DoubleRegretNet: Neural CFR Framework

Updated 22 January 2026

DoubleRegretNet is a double neural network approach that approximates cumulative regret and average strategies using RSN and ASN, respectively.
It leverages mini-batch MCCFR, robust sampling, and MCCFR+ to match near tabular CFR+ performance with significantly fewer parameters.
The framework achieves fast convergence and scalability in imperfect information games, effectively bridging classical CFR with modern deep learning.

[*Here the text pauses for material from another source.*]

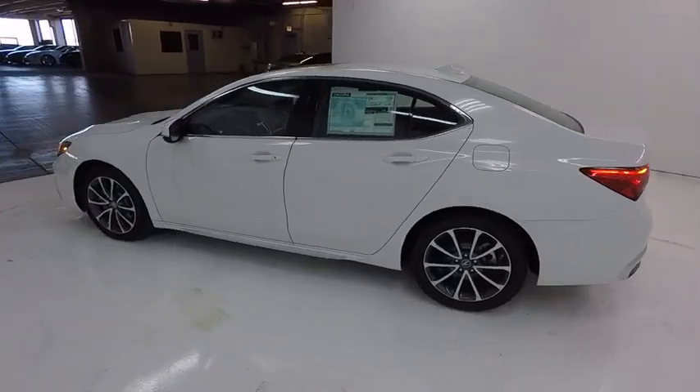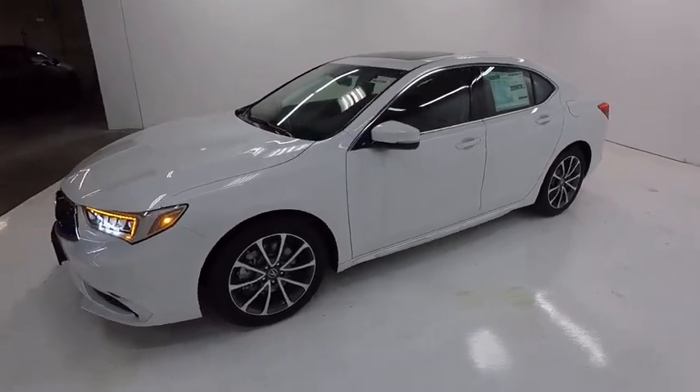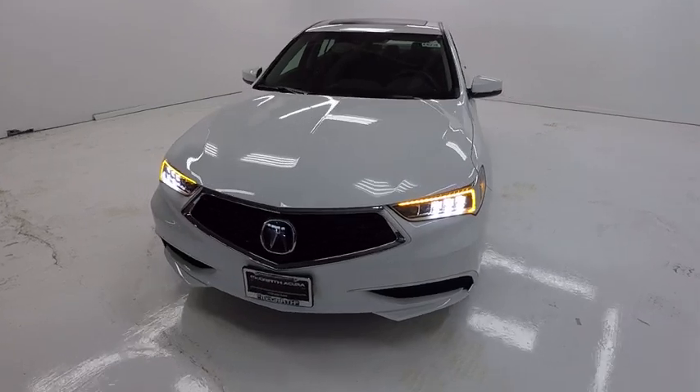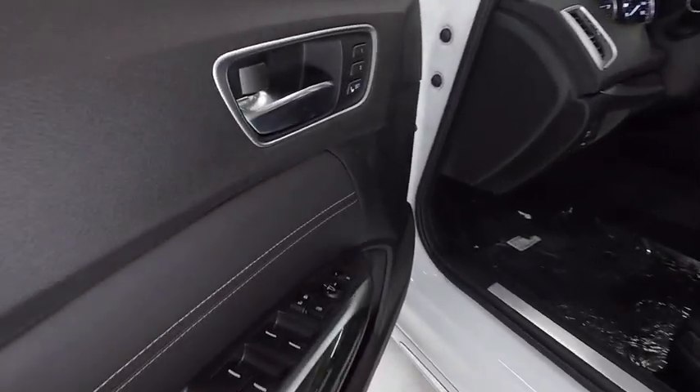This vehicle has less than 100 miles. Here are some of this vehicle's great options: traction control, power passenger seat, navigation system, leather-wrapped steering wheel, air conditioning, dual airbags, power steering, four-wheel disc brakes, center armrest, and CD player.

DoubleRegretNet is a double neural network framework for counterfactual regret minimization in imperfect information games. It utilizes two distinct neural networks—RegretSumNetwork (RSN) and AvgStrategyNetwork (ASN)—to approximate the cumulative regret and average strategy profile, respectively, thereby overcoming the scalability limitations of classical tabular CFR and enabling continual improvement from non-optimal initializations. The architecture incorporates robust sampling, mini-batch Monte Carlo Counterfactual Regret Minimization (MCCFR), and MCCFR+, yielding near tabular CFR+ performance with two orders of magnitude fewer parameters (1812.10607).

1. Double Neural Architecture

DoubleRegretNet consists of two parameterized networks, each mapping information sets $I$ and legal actions $a \in A(I)$ to scalar outputs:

RegretSumNetwork (RSN): Approximates normalized cumulative regret $\hat{R}_i^t(a|I)$ via a function $f_{\text{R}}(a, I|\theta^t)$ .
AvgStrategyNetwork (ASN): Approximates the cumulative numerator of the average strategy $S_i^t(a|I)$ via $f_{\text{S}}(a, I|\phi^t)$ .

Both networks receive a variable-length, embedded history prefix using a one-layer LSTM (hidden dimension $d \in \{8,16\}$ ), followed by an attention mechanism over LSTM outputs to yield a context vector, which then passes through a small feed-forward “value head” (ReLU to linear). The input encoding includes private card (one-hot), public cards (one-hot or zero-vector), and the last action (one-hot, including “cumulative spent”). Each network typically requires only $1\,000$ – $3\,000$ parameters, enabling significant compression relative to tabular representations.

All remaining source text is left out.